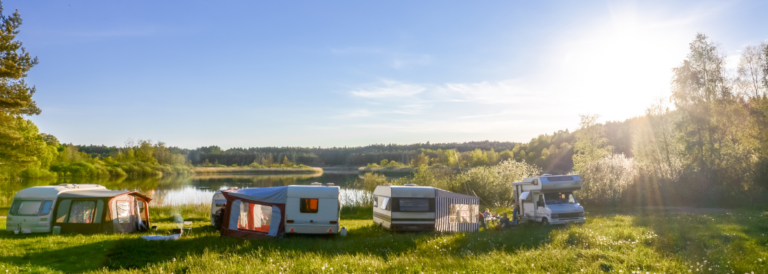 Wohnwagen und Campingplatz am See. Familienurlaub im Freien, Reisekonzept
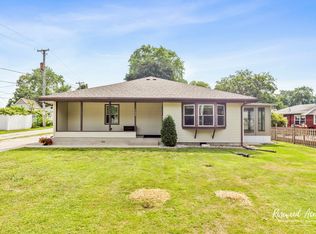302 N Division St, Aroma Park, IL 60910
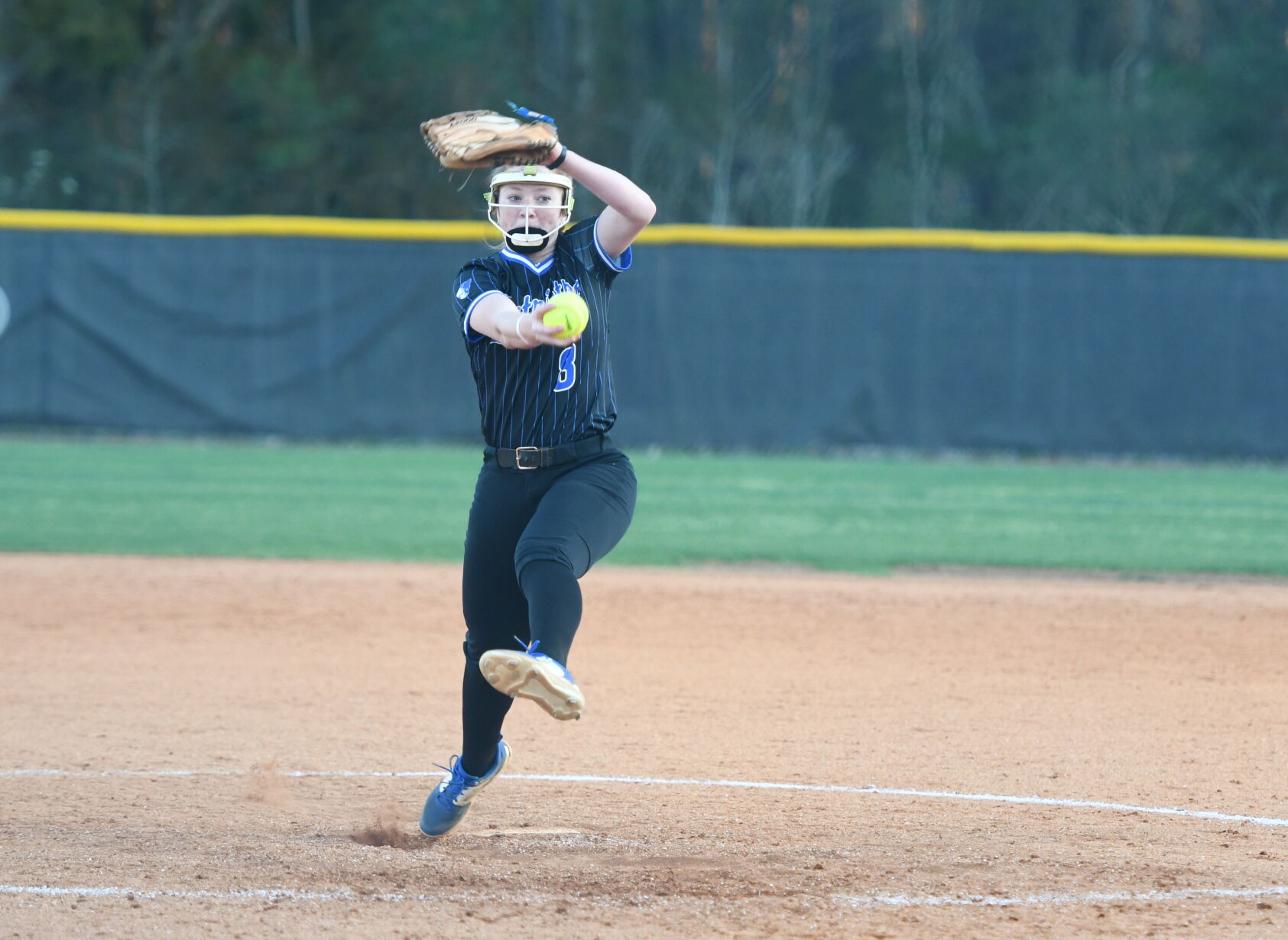 Fort Dorchester Softball Team Extends Winning Streak to 6-0 with Dramatic Extra-Innings Victory Over Ashley Ridge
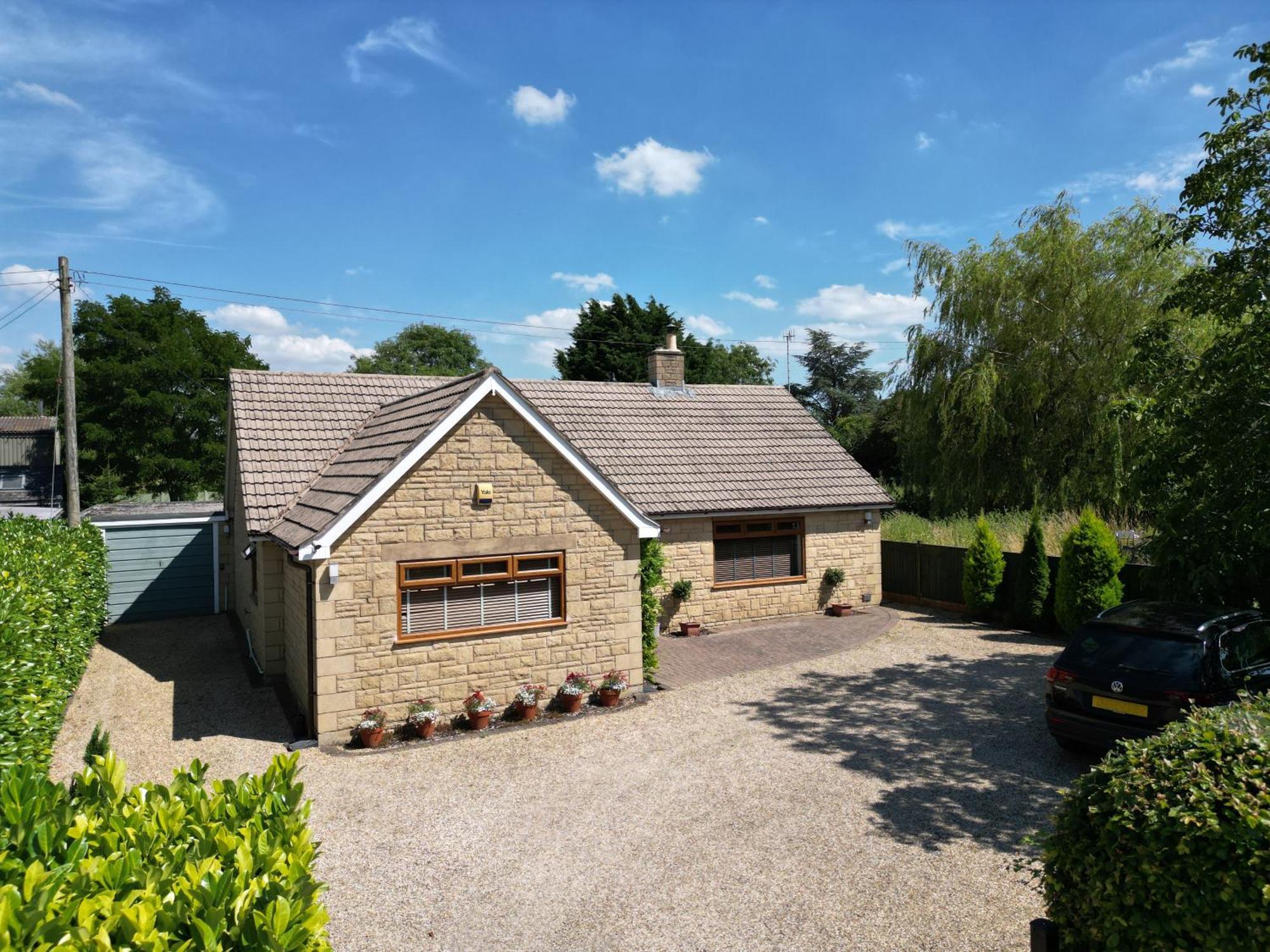 Stunning 3 Bed 2 Bath Detached Village Home Cheltenham Luaran gambar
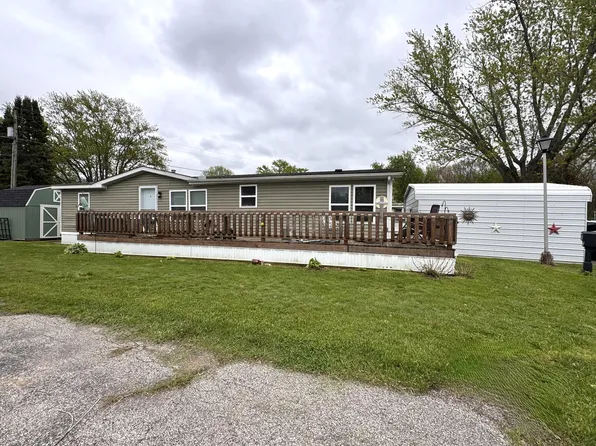 838 Mobile Blvd #15, Niles, MI 49120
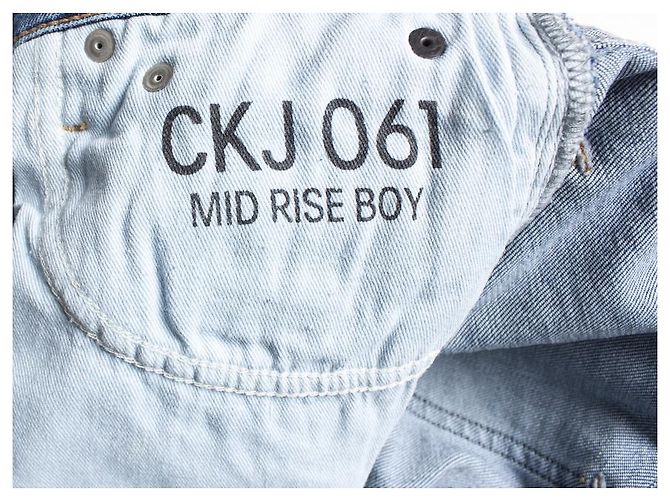 Calvin Klein, Vaqueros azules con ribete con logo. - vista 8
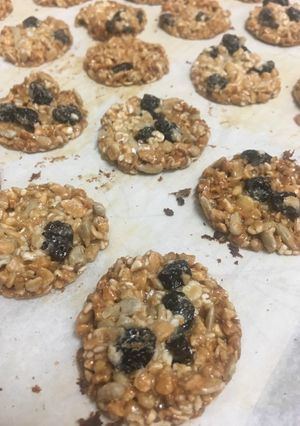 Foto principal de Galletas fit de avena, frutos secos y pasas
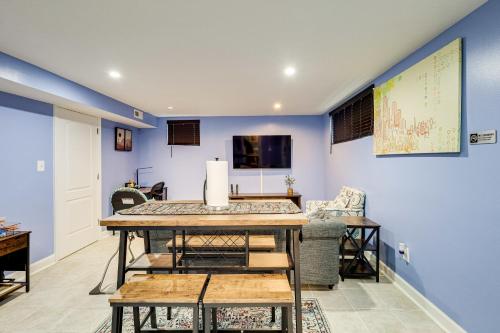 Lovely 2 Bedroom, 2 Bath Unit in West Alexandria. in Alexandria, USA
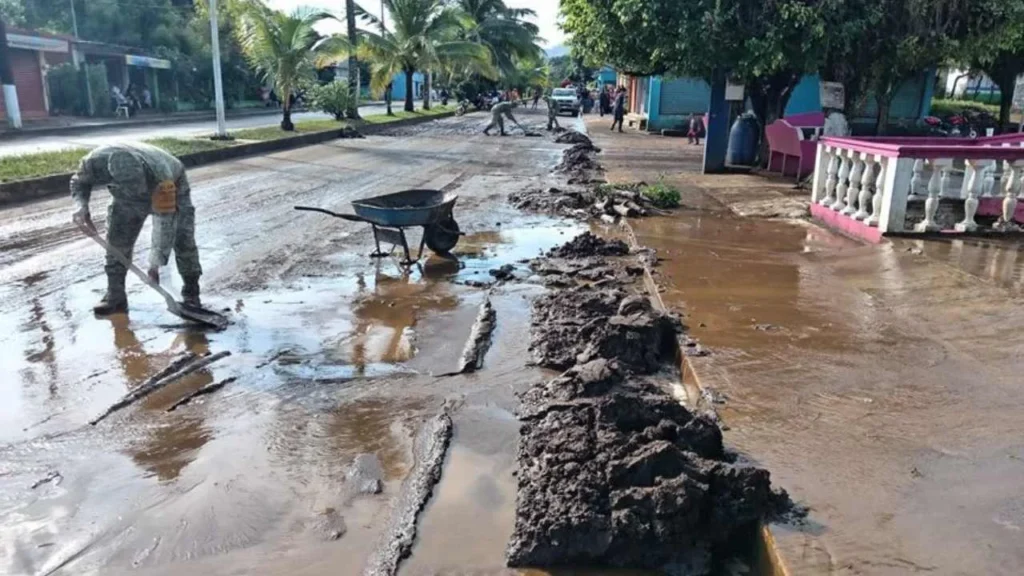 Durante 2026 y 2027 se invertirá en la reconstrucción de zonas afectadas por las intensas lluvias en Veracruz.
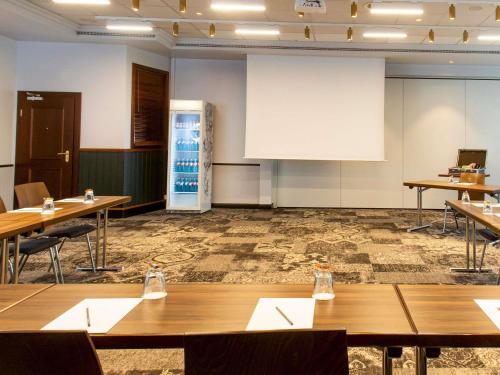 Mercure Hotel Frankfurt Airport Langenにあるビジネスエリアまたは会議室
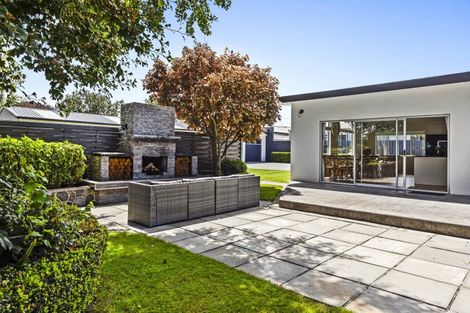 Photo of property in 326 South Road, Hawera, 4610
|---|
**Your goal**
Once the pictures are removed, return the entries exactly as they stand.

**Response for this exercise**
 Wohnwagen und Campingplatz am See. Familienurlaub im Freien, Reisekonzept
302 N Division St, Aroma Park, IL 60910
 Fort Dorchester Softball Team Extends Winning Streak to 6-0 with Dramatic Extra-Innings Victory Over Ashley Ridge
 Stunning 3 Bed 2 Bath Detached Village Home Cheltenham Luaran gambar
 838 Mobile Blvd #15, Niles, MI 49120
 Calvin Klein, Vaqueros azules con ribete con logo. - vista 8
 Foto principal de Galletas fit de avena, frutos secos y pasas
 Lovely 2 Bedroom, 2 Bath Unit in West Alexandria. in Alexandria, USA
 Durante 2026 y 2027 se invertirá en la reconstrucción de zonas afectadas por las intensas lluvias en Veracruz.
 Mercure Hotel Frankfurt Airport Langenにあるビジネスエリアまたは会議室
 Photo of property in 326 South Road, Hawera, 4610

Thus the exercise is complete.